You will fatigue faster than you think.  How are you going to get back to the start?  The combination of fatigue and lack of water is why people die only a short distance from safety.  You must be careful.  EVERYONE can handle 1 mile of outdoors and yet people can still die less than 1 mile from safety.


Rule #3  Every exposed piece of skin will burn in less than 30 minutes

I tan well.  But desert running requires protection.  I will burn fast without protection when I run during the day.  Sunburns hurt.  Wear a hat.  My hair used to do a better job protecting my head, but not so much anymore.


Some other things to consider

#  Water gets hot

A nice cold drink of water sounds so refreshing on a long run during the summer.  However, your water will quickly approach the ambient air temperature. 100 degree water works, but it isn’t very enjoyable.

I sometimes use Hammer Perpetuem.  It’s a creamy electrolyte drink.   On a 100 degree run it turns into a warm slimey slightly curdled? milk drink–Yummy.  It probably isn’t that bad, but heat changes what sounds good.  When I’m 90 minutes into a run, hot Perpetum sounds as good as spoiled milk on the run.  Be sure your nutrition plan makes sense when you are over heating.

# Municipal water sources in the desert taste bad.

If you are running in an urban area you might be counting on drinking fountains to resupply.  The desert southwest US has extremely hard water.  Its perfectly fine to drink but it doesn’t taste good, even less so when it is warm.  Oh, and the water from a drinking fountain will be nearly scalding hot for about 15 seconds.  Let the fountain run a bit and “cooler” water will show up.
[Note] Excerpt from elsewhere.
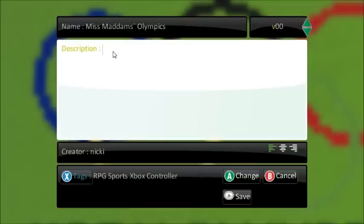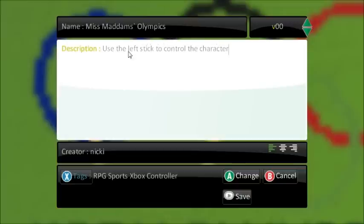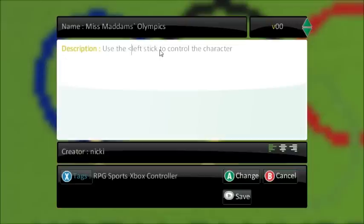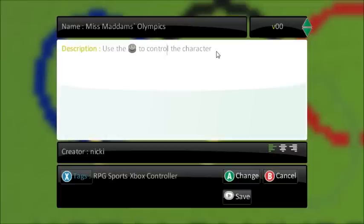I can give it some instructions — I've written my first instruction. What's clever with the descriptions here is you can use the greater than and less than symbols around an item, like the left stick, a button, or any of the character names, and it turns it into a picture. There we go — I've got a nice graphical element to my description now.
# Don’t count on drinking fountains

You know about Murphy’s law right?  If you have plenty of water, all the drinking fountains will work.  But if you don’t have enough water, they will be turned off.  Even if they do work, maybe only a dribble comes out, not enough to refill a bottle.

This can be a real problem in my area late in the summer season/early fall.  “They” like to shut off the fountains so that pipes don’t freeze.  Never mind that it’s still 90 out during the day.  There must be some crazy maintenance calendar that “they” like to follow regardless of common sense.

I do resupply out of drinking fountains from time to time, but the water tastes bad and occasionally I run into problems.  Just be careful.


Running in extreme temperatures is a great challenge, but you need to be serious about it.  Think about what you are doing and have a plan.